View all sermons by this speaker.

"The Twelve"

Do you ever wonder about the subtleties of Scripture? Things like numbers, placement of stories, ordering of events? Such things always matter, it's just that some time we don't notice them.

In our text today (Luke 6:12-16), Jesus selects "the twelve." Out of his many followers, after a night of prayer, He choose twelve. Why twelve? Why a night of prayer? Why right after a Sabbath controversy (6:1-11) and right before the "sermon on the plain" (6:17-49)?

The "sermon on the plain" describes the life of a genuine follower of Christ. It's what a disciple's life looks like. For the Jewish nation, the law was a blessing because it showed them how to live in a God-honoring, God-worshiping relationship with Yahweh.

From creation, God established a "day of rest" that was to honor Him. It benefited man while honoring God. It reflected creation, but it was also part of covenant. The twelve tribes of Israel were to honor God and take care of themselves by keeping a Sabbath.

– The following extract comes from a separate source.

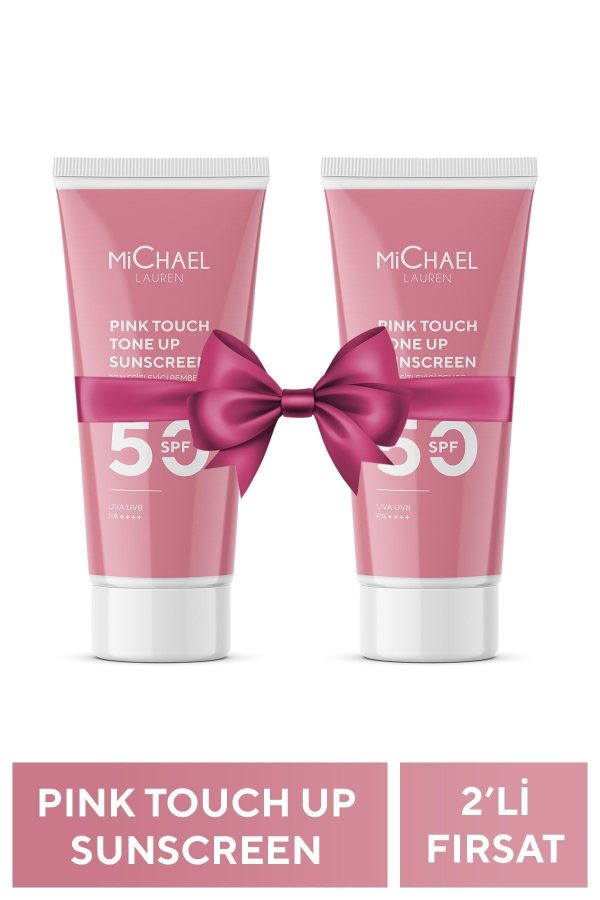 ست ضد آفتاب اورجینال برند Michael lauren کد 748269943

Twelve "tribes" of Israel--the nation that was to be God's people. But sin and disobedience had reduced God's people to simply Judah and a few others. The hope of Israel was the Messiah. He would come and restore the nation . . . He would fulfill the law . . . He would give them rest. Just before Moses recieved the Law from God he had a conversation with God (Exodus 19). Then he announced the Law and reminded them of God's covenant with them. With that covenant He was creating a nation . . . a people for His very own (Exodus 19:5-6). They would be His "chosen" (Deuteronomy 7:6, e.g.).

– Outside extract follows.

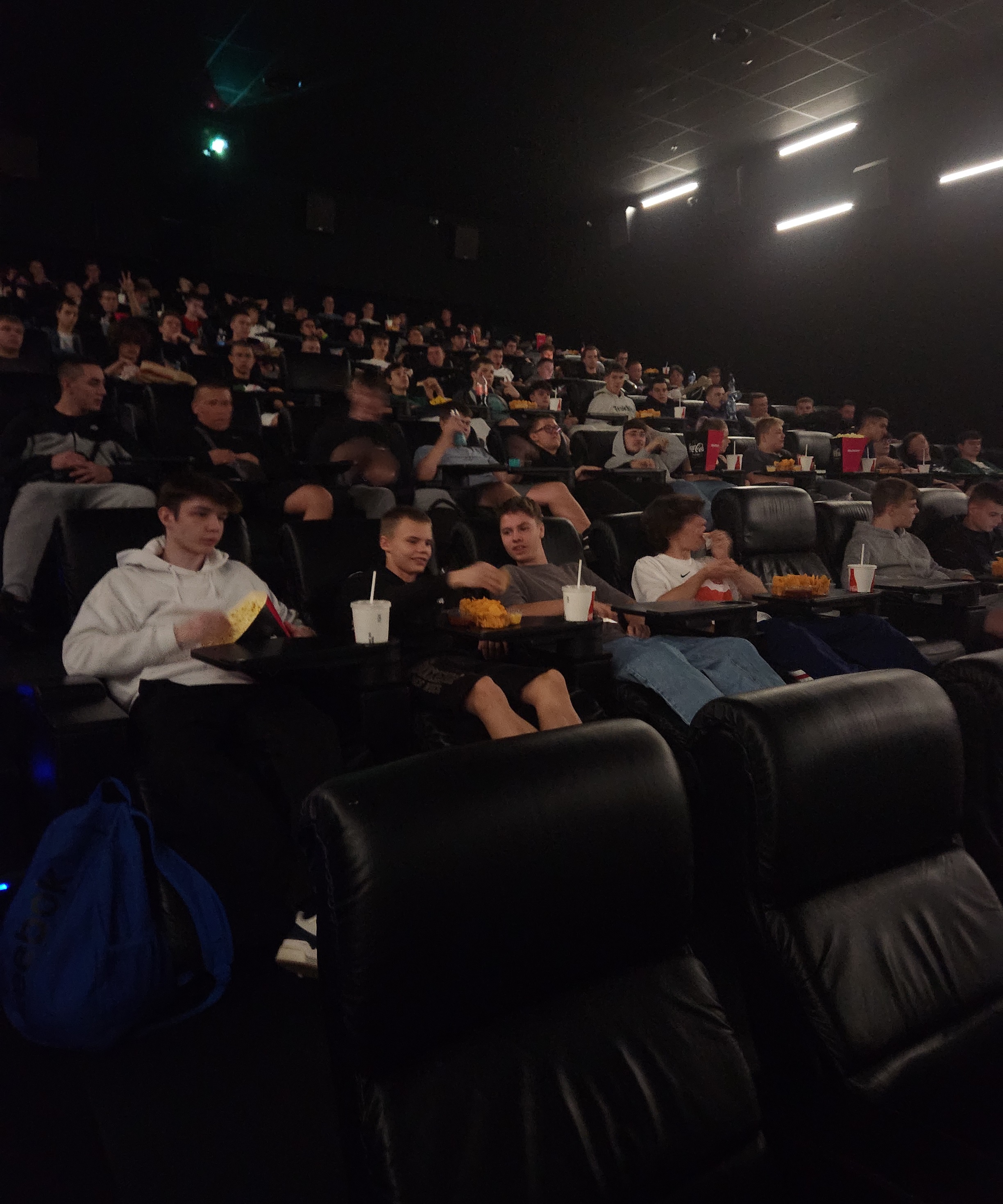 wycieczka 20 09 24 3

Look again at our text. After a night of prayer, Jesus "chooses" (vs. 13) twelve men to be his apostles. This night of prayer, this choosing of the twelve, comes between a Sabbath controversy and the sermon on the plain. It is as if God were saying . . . just like back in Exodus, I'm establishing my people, I'm choosing my nation.

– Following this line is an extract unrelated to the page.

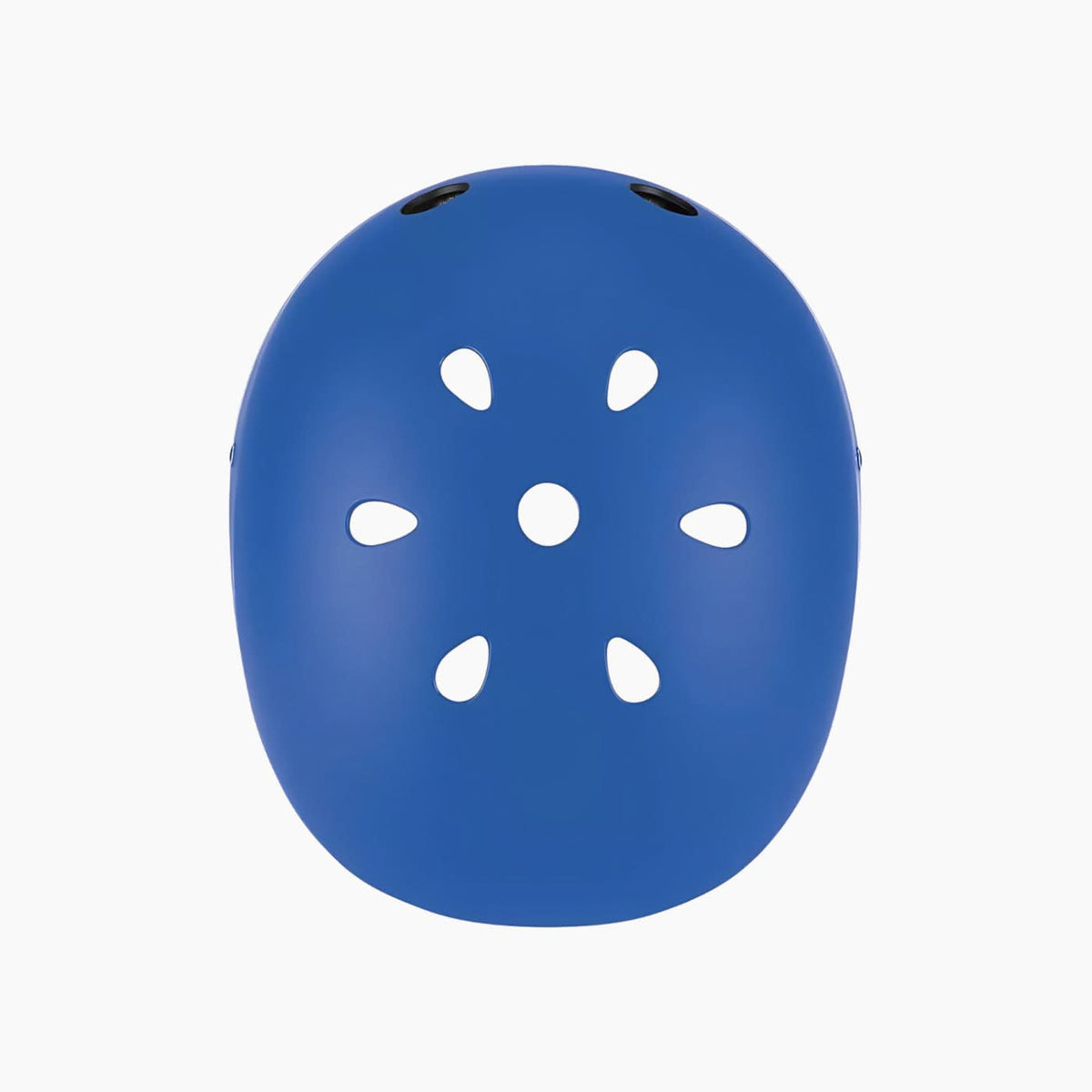 Globber Primo Lights Helmet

Through the apostles God has established His household (Ephesians 2:19-22). He has created a "holy nation, belonging to Him" (1 Peter 2:9:10). The church is the "Israel of God" (Galatians 5:16). Original Israel failed. They broke the covenant. They killed the prophets. They crucified the Messiah.

What will the new Israel do? Will we be faithful? Will we be honorable before God? Will we be His new people? Will we establish His name in all the earth? Will we be "lights to the nations"?